Japon - France, 2018, 6 projections numériques HD synchronisées, 24 écrans composés de 960 feuilles de papier washi disposés en cercle, 5’, coul., sonore
Installations Isaki Lacuesta
Isaki Lacuesta a réalisé douze installations depuis 2007. Parmi ses créations récentes : Aftermath, présentée au pavillon catalan de la Biennale d’architecture de Venise en 2016, ou Mur/Murs et Los muros invisibiles, présentées au Centre d’arts Santa Monica à Barcelone en 2015.

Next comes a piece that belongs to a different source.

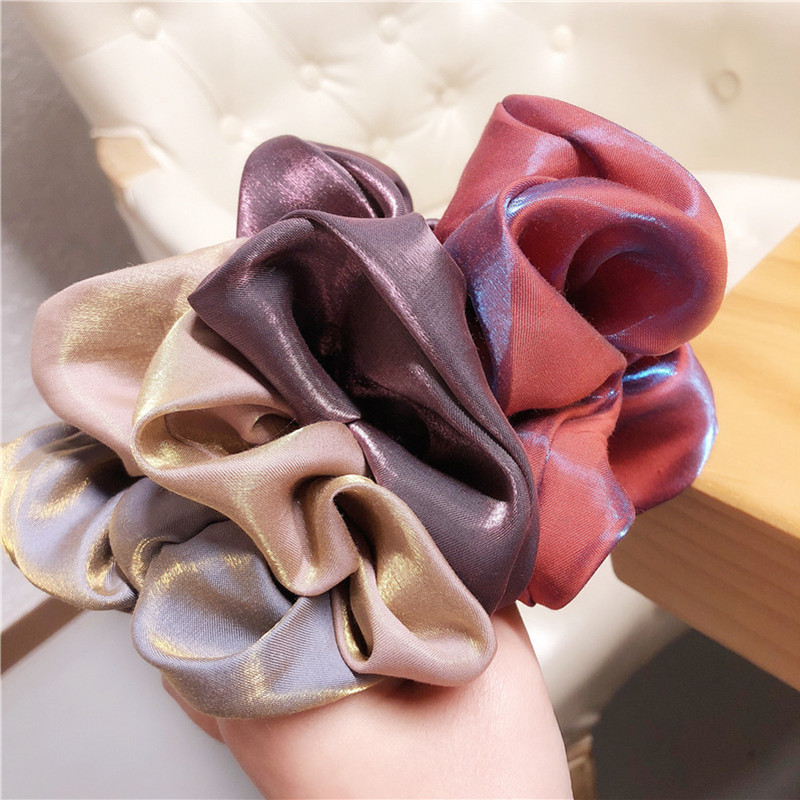 Women Vintage Pearly-lustre Silky Satin Extra Big Hair Scrunchies Pretty Solid Plain Hair Ropes Elegant Ponytail Bands
Women Vintage Pearly-lustre Silky Satin Extra Big Hair Scrunchies Pretty Solid Plain Hair Ropes Elegant Ponytail Bands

Pour le Centre Pompidou, il conçoit une nouvelle installation, Les images échos, introduite par une proposition intitulée Les films doubles. Le centre d’art contemporain Bòlit, à Girona, exposera à son tour cette nouvelle installation d’Isaki Lacuesta dans l’exposition qu’il lui consacre du 25 janvier au 28 avril 2019.
Les films doubles
Pel.lícules dobles
Le dédoublement et la dualité sont au cœur de la création du cinéaste espagnol catalan Isaki Lacuesta. Dès ses premiers films, il s’intéresse à des figures, des lieux, des histoires qui se font écho. Voir et revoir, depuis différentes perspectives : le travail de recherche et d’enquête que mène Isaki Lacuesta impose de réexaminer, de faire retour autrement.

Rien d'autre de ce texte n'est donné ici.